:: YOUR TASK ::
The full listing, returned exactly and free of pictures, is the expected answer.

START DATA RECORDS

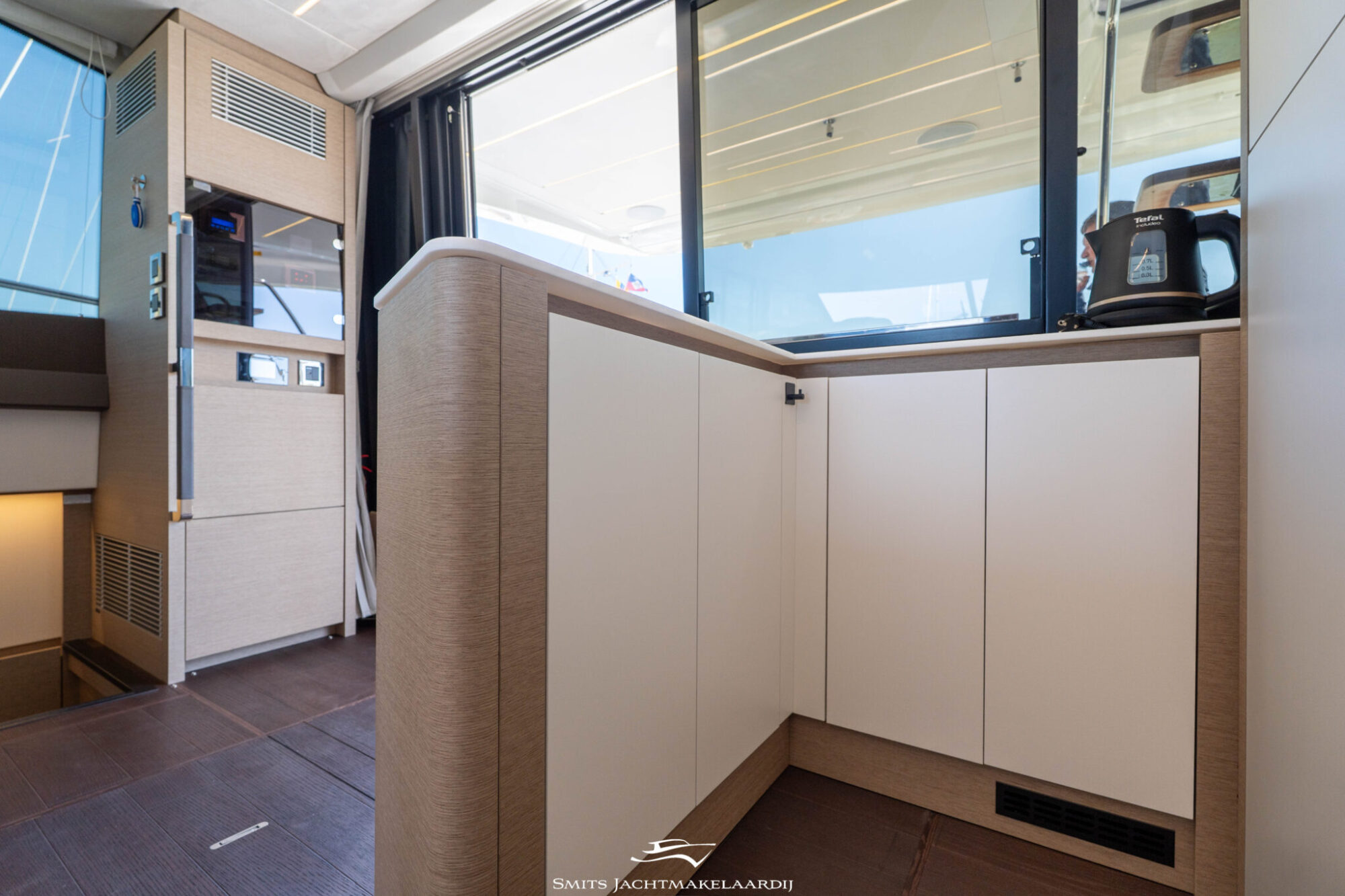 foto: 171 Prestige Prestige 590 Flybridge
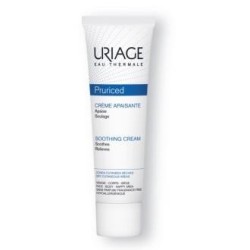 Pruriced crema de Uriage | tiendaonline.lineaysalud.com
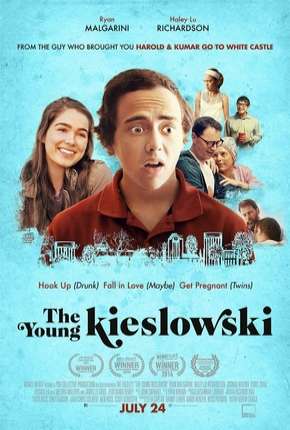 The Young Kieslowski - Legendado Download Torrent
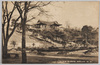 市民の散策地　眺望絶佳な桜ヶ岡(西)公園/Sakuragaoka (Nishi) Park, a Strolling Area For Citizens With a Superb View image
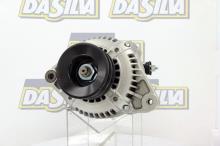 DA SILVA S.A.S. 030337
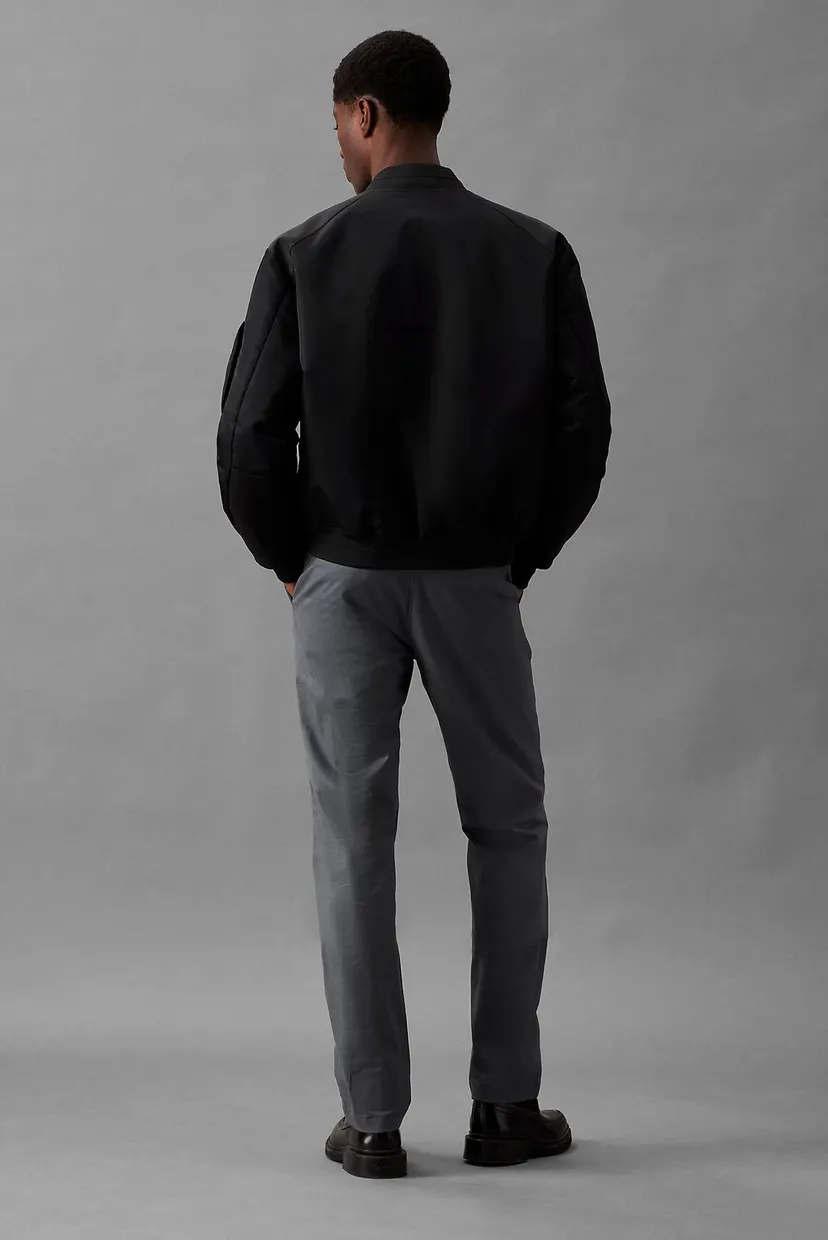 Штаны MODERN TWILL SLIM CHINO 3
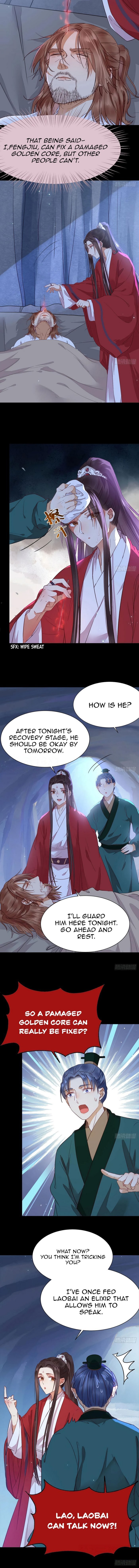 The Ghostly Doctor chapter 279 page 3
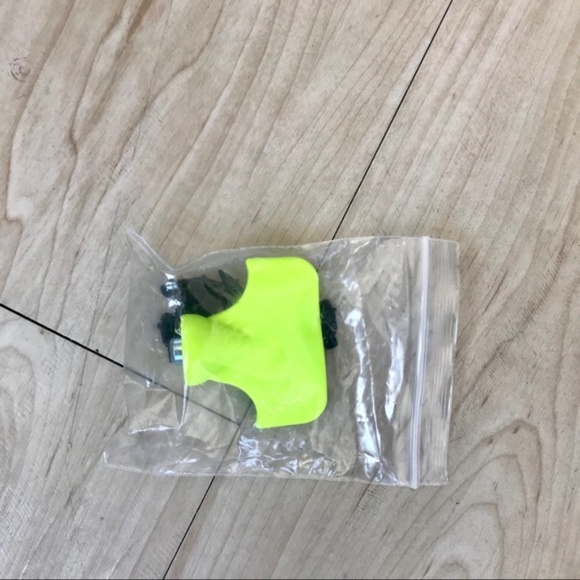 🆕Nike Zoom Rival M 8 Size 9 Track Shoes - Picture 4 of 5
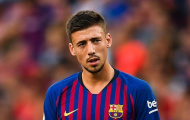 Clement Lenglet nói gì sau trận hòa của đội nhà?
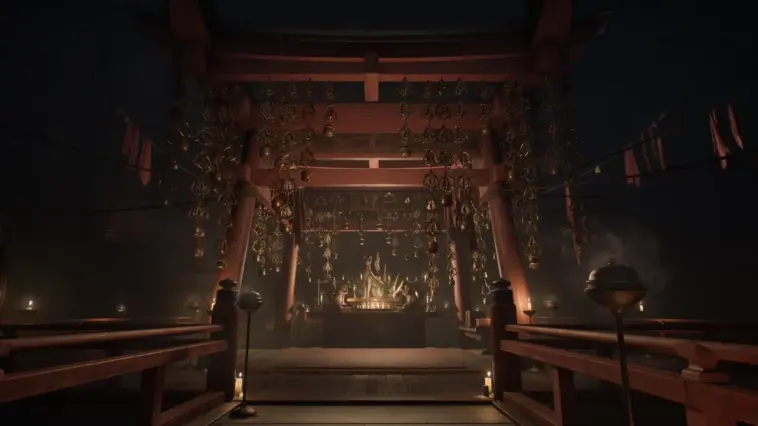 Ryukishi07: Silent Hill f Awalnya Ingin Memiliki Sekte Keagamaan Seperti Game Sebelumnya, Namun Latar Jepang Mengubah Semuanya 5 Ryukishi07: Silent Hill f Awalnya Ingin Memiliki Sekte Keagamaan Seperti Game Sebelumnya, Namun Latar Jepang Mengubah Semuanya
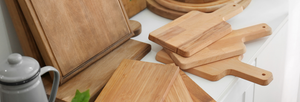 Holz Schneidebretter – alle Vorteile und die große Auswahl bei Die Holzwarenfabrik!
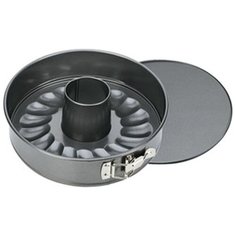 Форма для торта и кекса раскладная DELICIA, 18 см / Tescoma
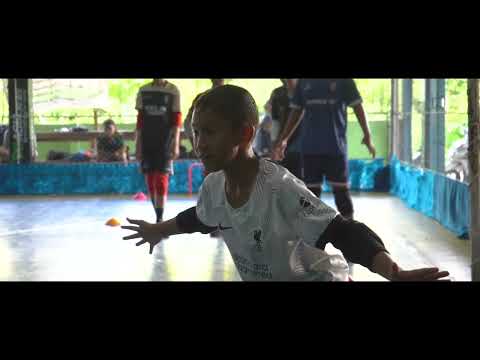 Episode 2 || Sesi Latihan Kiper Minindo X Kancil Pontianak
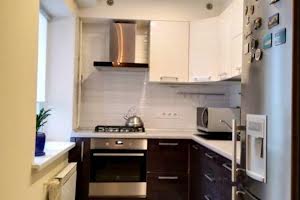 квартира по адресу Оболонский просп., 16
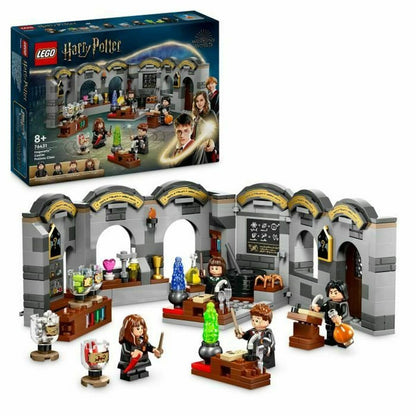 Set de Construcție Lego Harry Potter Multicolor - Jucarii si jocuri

END DATA RECORDS

:: RESPONSE ::
 foto: 171 Prestige Prestige 590 Flybridge
 Pruriced crema de Uriage | tiendaonline.lineaysalud.com
 The Young Kieslowski - Legendado Download Torrent
 市民の散策地　眺望絶佳な桜ヶ岡(西)公園/Sakuragaoka (Nishi) Park, a Strolling Area For Citizens With a Superb View image
 DA SILVA S.A.S. 030337
 Штаны MODERN TWILL SLIM CHINO 3
 The Ghostly Doctor chapter 279 page 3
 🆕Nike Zoom Rival M 8 Size 9 Track Shoes - Picture 4 of 5
 Clement Lenglet nói gì sau trận hòa của đội nhà?
 Ryukishi07: Silent Hill f Awalnya Ingin Memiliki Sekte Keagamaan Seperti Game Sebelumnya, Namun Latar Jepang Mengubah Semuanya 5 Ryukishi07: Silent Hill f Awalnya Ingin Memiliki Sekte Keagamaan Seperti Game Sebelumnya, Namun Latar Jepang Mengubah Semuanya
 Holz Schneidebretter – alle Vorteile und die große Auswahl bei Die Holzwarenfabrik!
 Форма для торта и кекса раскладная DELICIA, 18 см / Tescoma
 Episode 2 || Sesi Latihan Kiper Minindo X Kancil Pontianak
 квартира по адресу Оболонский просп., 16
 Set de Construcție Lego Harry Potter Multicolor - Jucarii si jocuri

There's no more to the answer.